Written by beyondwords : April 14, 2008

emergingwomenblogpic.jpgIf you’re old enough to understand the idiom, “You could have knocked me over with a feather,” you’re probably too old to be hip to its current equivalent. Since I’m both, I’ll simply tell you what happened yesterday and let you supply the metaphor.

A woman I know who’s pushing 60 works as an administrative assistant in a local, evangelical church. For the past 15 years, she’s been devoted to tireless service, nurturing the women’s ministry and a healing prayer ministry along with managing the church office. Her faithful labor, under the paradigm that men lead and women follow, has been split between implementing the details of the surrounding elders’ vision and helping the younger women in the church “obey God and love their husbands.”

Yesterday she told me she was considering stepping down from her position.

“We’re just a ‘G’ rated version of the world,” she said. “And I can’t be a party to it anymore. Our idea of being evangelistically bold and counter-cultural is bringing people into this building. But once we get them here, we don’t offer them anything different from what the world offers. We certainly don’t love and forgive each other and we don’t build into each others’ lives. I don’t think this is the way we’re supposed to do church. The secular world is doing a better job at loving people that we are.”

My friend went on to say, “Here’s a quote from a Korean leader: ‘When I encounter a Buddhist priest, I meet a holy man. When I meet a Christian leader, I meet a manager.’”

I was stunned to hear such words coming from this particular woman. By all appearances, she’d been submitting unwaveringly and unquestioningly to her elders’ authority and wisdom. To hear her say she thought something was wrong in the church was about 180 degrees from what I expected.

But here’s what’s more remarkable about this incident: it was the third time in the space of a week I’d had a similar conversation with a staunchly conservative Christian woman over the age of 45.
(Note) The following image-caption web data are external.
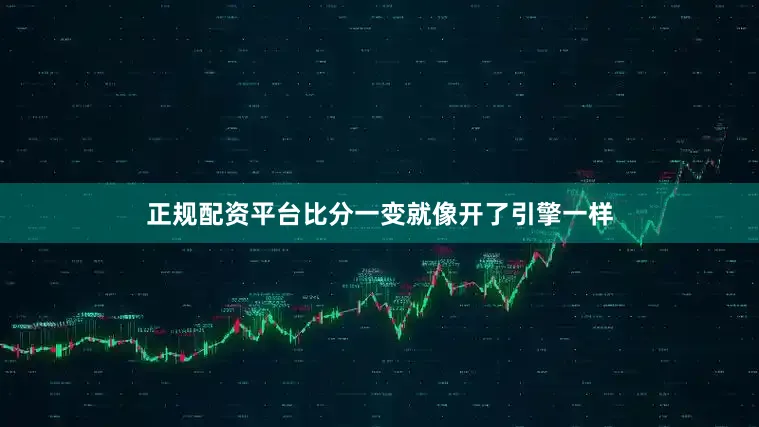 正规配资平台比分一变就像开了引擎一样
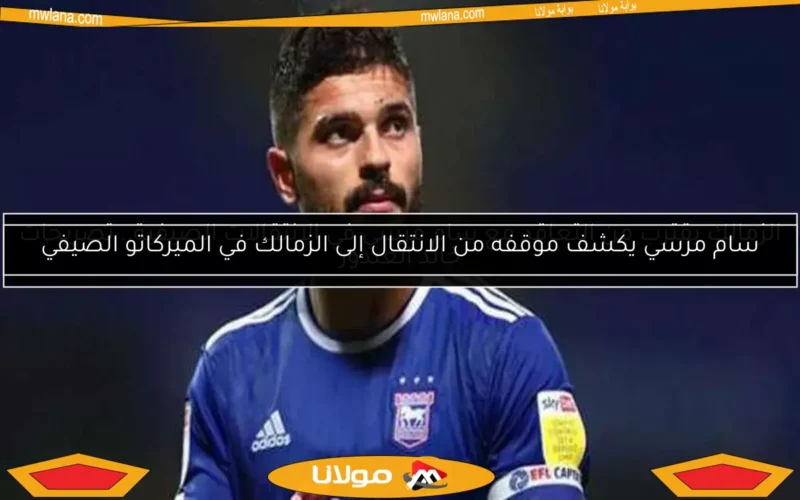 الزمالك يقترب من التعاقد مع سام مرسي في الانتقالات الصيفية.. تصريحات خالد الغندور
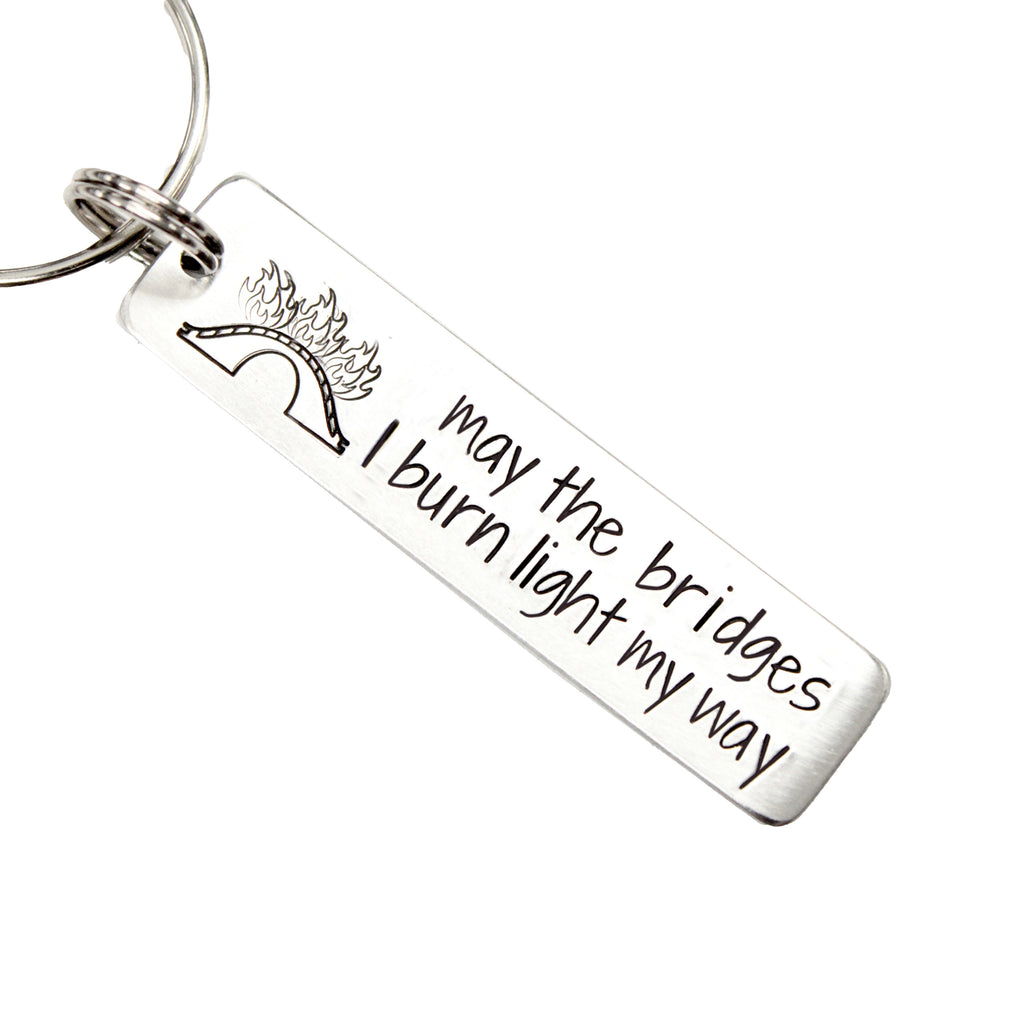 May the bridges I burn light my way keychain - Available in Aluminum or Stainless Steel - Personalizable Back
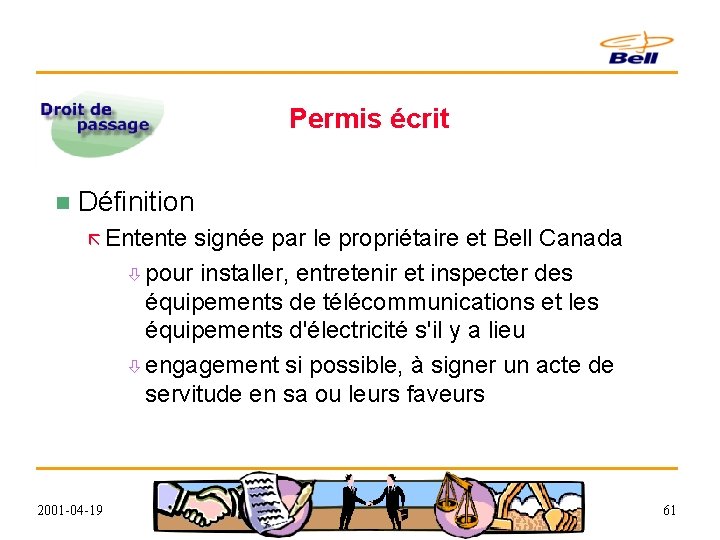 Permis écrit n Définition ã Entente signée par le propriétaire et Bell Canada ò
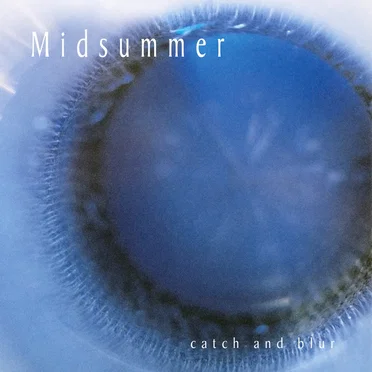 Catch and Blur by Midsummer - album cover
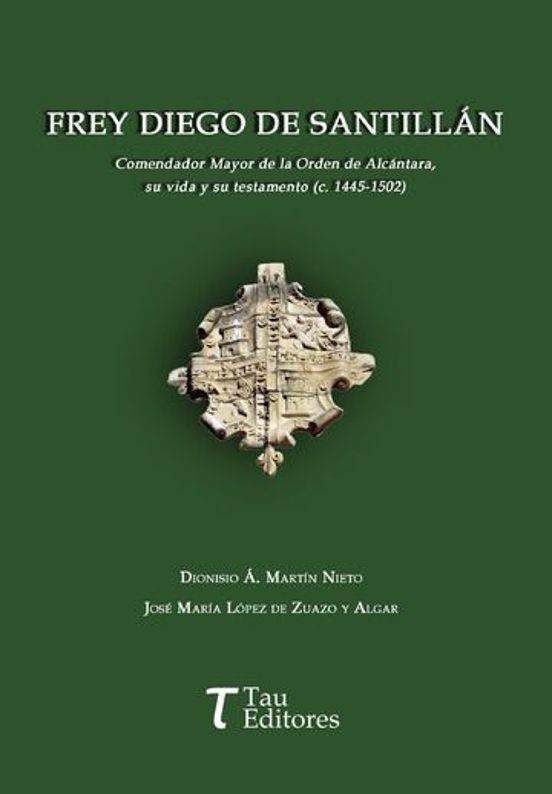 FREY DIEGO DE SANTILLÁN | 9788412919295 | MARTÍN NIETO, DIONISIO A.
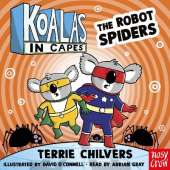 Koalas in Capes: The Robot Spiders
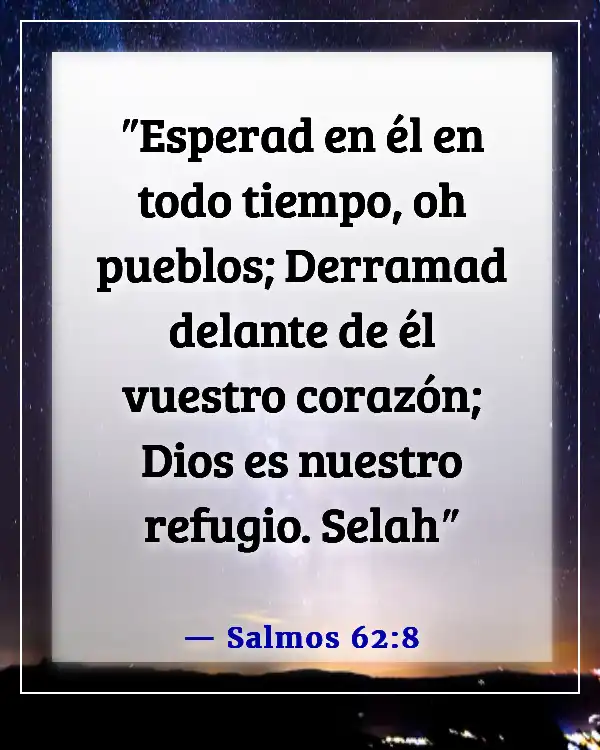 Versículos de la Biblia sobre mantener la fe en tiempos difíciles (Salmos 62:8)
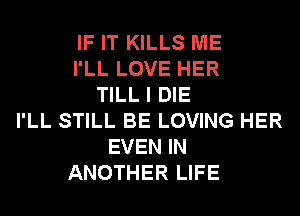 IF IT KILLS ME
I'LL LOVE HER
TILL I DIE
I'LL STILL BE LOVING HER
EVEN IN
ANOTHER LIFE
One woman I know actually left her church and hasn’t sought out another. I meet with her and pray on a weekly basis. Two other acquaintances in the PhD-level academic world told me they “don’t fit” in their churches, but they stay because of a sense of duty. But they’ve intentionally distanced themselves from the traditional programming aimed at or directed by women in order to be free to use their gifts and follow their calling to serve grossly unmet needs in the wider community–needs their churches don’t seem to have much interest in addressing.

But it’s not just marginalization of women and neglecting the “least of these” in the community that concerns these women. They say they’re grieved by a narrow, impoverished version of gospel that keeps believers in an infantile state of spiritual formation.
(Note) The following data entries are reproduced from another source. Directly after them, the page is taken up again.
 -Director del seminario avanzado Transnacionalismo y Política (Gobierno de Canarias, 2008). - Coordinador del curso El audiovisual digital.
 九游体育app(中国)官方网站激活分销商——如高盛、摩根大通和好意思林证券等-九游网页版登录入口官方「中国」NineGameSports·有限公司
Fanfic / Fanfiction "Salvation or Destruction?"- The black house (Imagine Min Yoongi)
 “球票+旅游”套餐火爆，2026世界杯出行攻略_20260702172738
My friend put it like this, “It’s like inviting a horde of babies to church and dumping them in the foyer. Who’s going to help them grow up? Who’s going to change their dirty diapers in the meantime?”

I asked my friend what she believes the Spirit is calling her to do.

“It’s relational. It’s small. It’s one-on-one or two-on-two. It’s in living rooms and coffee shops and kitchens, not big sanctuaries where you get a rock concert and a seminar. I don’t know what God is doing. And I’m not worried about how big it is. All I can do is be faithful with what he puts right in front of me.”

What’s going on here? We tend to view the younger generation as the force of change and the fresh wind of the Spirit. But this generation of middle-aged women is unlike any previous one. These women are educated and informed, most of them have worked outside the home at some point in their lives, and even if they’ve followed the complementarian marriage model, they’ve had more freedom and decision-making power than women before them.

And they are rising up with a prophetic voice. They are emerging from their child-bearing and child-rearing years with spiritual wisdom and energy and integrity. And they are a tremendous resource for the upcoming generation seeking to be faithful in following Jesus in the midst of Empire. Younger people would be wise to listen to them and enlist them in implementing their missional and communal vision for the church.

Editor’s Note: The original location of the image above would be a good place to start exploring the voice of women in the emerging church movement– www.emergingwomen.blogspot.com

Beyondwords has far too much energy and imagination to admit she's a middle-aged woman living in the Midwest. A freelance writer and journalist, she hasn't figured out the writing life requires solitude, so her home is always full of children, teenagers, foreign exchange students, and people seeking short-term shelter. She's currently undergoing a subversion by the Holy Spirit. It's leading her out of empire, forcing her to dig in and unearth the gospel in hearth and home, community and relationships.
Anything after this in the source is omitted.